Vampyr es, sobre todo, una película con alma. Una de esas películas que pueden llegar muy hondo, pasando a formar parte de ese pequeño grupo de experiencias de “revelación” que se van atesorando a lo largo de una vida y que se conservan en lo más íntimo de uno mismo como poseedoras de las claves mismas de la existencia. Ahí pueden coexistir con ciertos sueños especiales, con unos recuerdos lejanos, con ciertas visiones interiores, con algunas experiencias estéticas mágicas...

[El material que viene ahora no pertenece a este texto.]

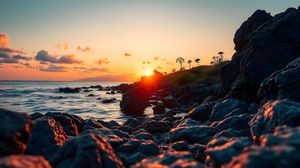 Preview wallpaper rocks, stones, sea, sunset, landscape, nature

C.D. Friedrich, el gran pintor del Romanticismo alemán, decía: «Cierra tu ojo corporal a fin de ver con el ojo de tu espíritu y haz surgir a la luz del día lo que has visto en la oscuridad». Sin duda Dreyer, maestro de maestros, sabía mirar con el ojo del espíritu y ver allí donde la mirada física no alcanza; pero no sólo eso: era, además, capaz de transmitir lo que había visto.

Posiblemente Vampyr desconcierte en una primera visión. A pesar de que la acción se desarrolla en el curso de una sola noche y en unos escenarios limitados (castillo, guarida de los vampiros, posada y molino), por algún motivo nos hace perder las referencias espaciotemporales. Y no es casual que así sea, pues Dreyer nos traslada a un mundo donde tiempo y espacio ya no son esas magnitudes uniformes y medibles con las que estamos familiarizados, sino que adquieren una dimensión cualitativa. Estamos sencillamente en otro mundo, en ese mundo intermedio que Henry Corbin --el filósofo occidental que mejor lo ha tematizado-- designó como “mundo imaginal” y que tan perfectamente conocía Swedemborg, el teósofo sueco del siglo XVIII, por el que tanto interés había demostrado Dreyer. Mundo imaginal, es decir, mundo intermedio del alma, entre lo material y lo puramente espiritual, en el que se espiritualizan los cuerpos y se corporifica el espíritu y, por eso mismo, más real y más “objetivo” que el mundo meramente físico de nuestra experiencia común.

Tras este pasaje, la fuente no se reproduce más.